Deborah Logan's most recent book offers the first sustained scholarly examination of the Indian Ladies' Magazine, a periodical edited by an Indian woman and aimed at Indian women readers, with some contributions from British and American writers. Logan's book provides an immensely valuable resource for literary scholars and historians interested in women's magazines, transatlanticism, and empire. This extensive consideration maps the history of the magazine in its cultural, social, and political milieux. Taking a transatlantic focus allows Logan to chart the flows between the Indian subcontinent and Britain during the magazine's long but truncated run. The magazine, which was published from 1901 to 1938, with a hiatus between 1918 and 1927, is clearly not a Victorian one. Yet Logan makes a case for the importance of this magazine in the lineage of Victorian periodicals by tracing the hefty influence of Victorian England—and indeed, Victoria herself—on the magazine's political persuasion, contributors, and editor, Kamala Satthianadhan. [End Page 754]

The book is divided into eight chapters, each attending to a different context in which the magazine was situated. The first chapter provides a brief history of English women's magazines, before offering a substantive history of Indian women's magazines. Logan articulates how the growth of periodical publishing contributed to the empire's political instability during the time the Indian Ladies' Magazine was published. Along with several other Indian periodicals aimed at women readers, the Indian Ladies' Magazine was a major force in encouraging women's education and literacy efforts across the country. As the "first Indian women's English-language publication edited by a woman," its very existence was testament to the changing role of women in India's literary sphere (30). However, what Logan explains so well are the tensions between the changing ideals of Indian womanhood and Victorian gender roles, as exemplified by the Angel of the House and the New Woman. She demonstrates how Satthianadhan negotiated these tensions both in her editorials and in her choice of content, defining both as a panacea to the modern, feminist undertaking of a woman-edited, mostly woman-written magazine.

Chapters two and three address the literary aspects of the magazine. The second chapter investigates how Victorian ideals of womanhood were included in the Indian Ladies' Magazine, particularly through articles analysing Tennyson's The Princess, John Ruskin's Sesame and Lilies, and Coventry Patmore's The Angel of the House. British authors were commonly featured, and Logan shows how articles like "Tennyson's Ideal of Womanhood" and "Ruskin on Women by an Indian Lady" created a dialogue with the British literary sphere. Criticism of Indian literature was also a key feature of the magazine. Logan describes how some contributors were vocal in "claiming the superiority of the East over West" (51). This priority of Eastern texts paved the way for Indian contributors to write back to England, countering romanticized versions of India and its religious and cultural practices long before Edward Said coined the term "orientalism" (51).
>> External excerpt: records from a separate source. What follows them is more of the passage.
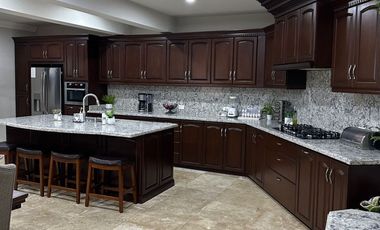 Casa en Venta LOMAS DEL ROBLE  Casa de Lujo en Esquina puede venderse totalmente amueblada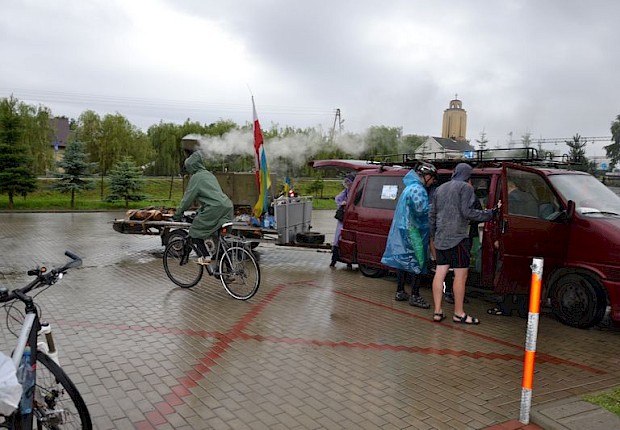 Pielgrzymka rowerowa o pok&oacute;j na Ukrainie: Zarwanica - Częstochowa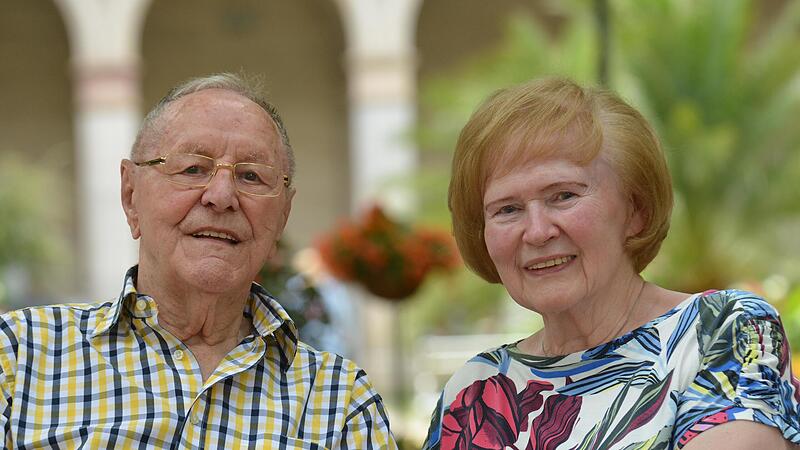Oswald Distelrath und seine Christa, hier im Kurgarten, f&uuml;hlen sich wohl in Bad Kissingen und m&ouml;chten die Kurstadt noch in zwei Jahren besuchen, wenn Distelrath 100 Jahre alt wird.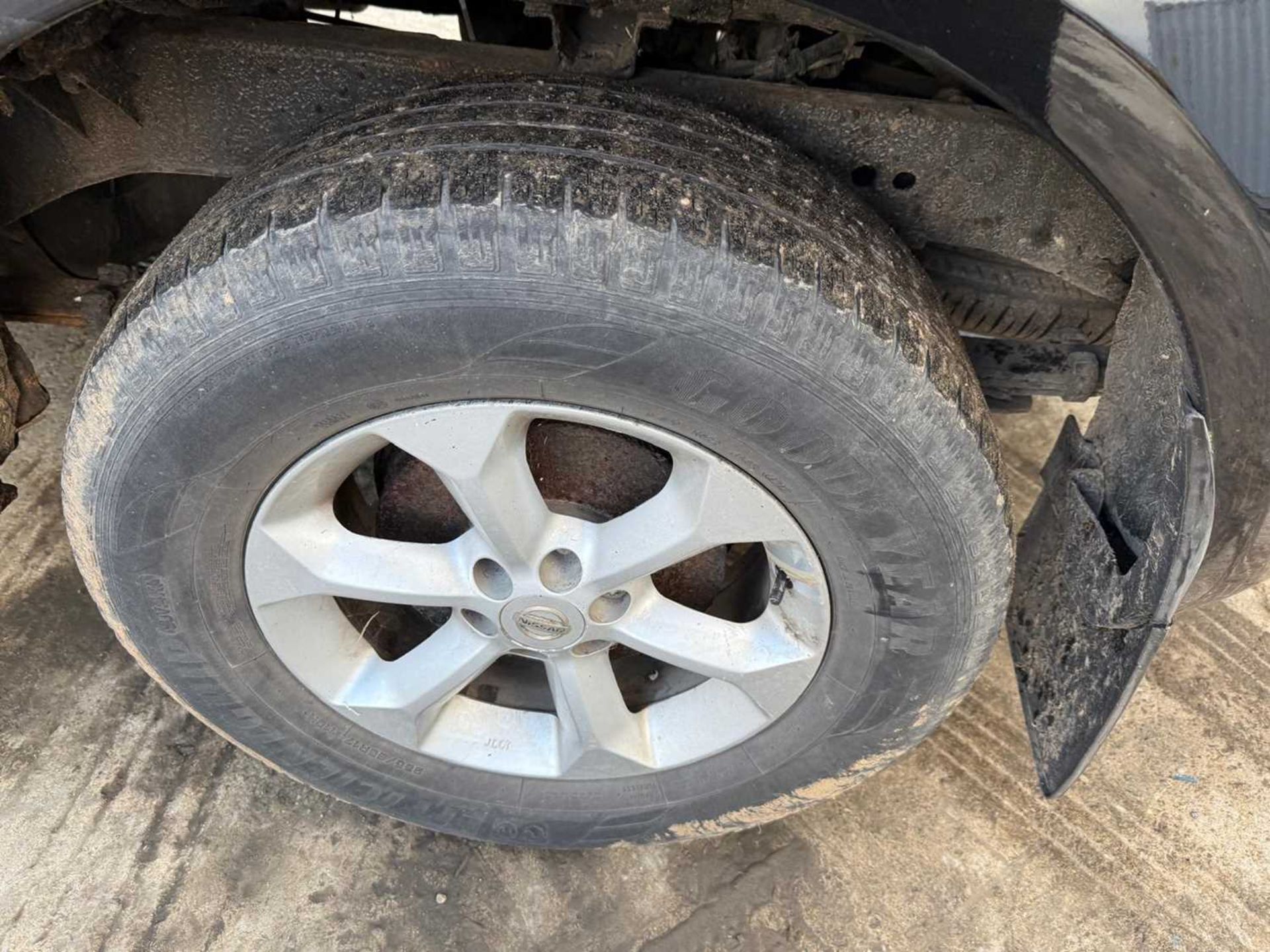 2010 Nissan Navara Tekna DCi Crew Cab Pick Up 2.5 D, Automatic Gear Box, Leather Interior, Electric  - Image 10 of 22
The third chapter offers examples of Indian poets, journalists, philosophers, playwrights, and novelists whose contributions to the Indian Ladies' Magazine reveal links between the literary sphere and political conversations happening during the transition from colony to independence, from raj to swaraj. In her examination of literary works, Logan demonstrates that it was not simply the magazine's structure that countered the typical male-dominated periodical culture of its time; she shows how the editor carefully chose pieces that were not overtly political yet supported the feminist aims of the magazine.

Chapters four, five, and six are dedicated to the overt political work undertaken by women in India and documented in the Indian Ladies' Magazine. Chapter four focuses on women's social activism, which aligns with [End Page 755] the campaigning undertaken by Victorian women. Logan highlights how the Indian Ladies' Magazine differs from other magazines of the period in its coverage of not only the lives...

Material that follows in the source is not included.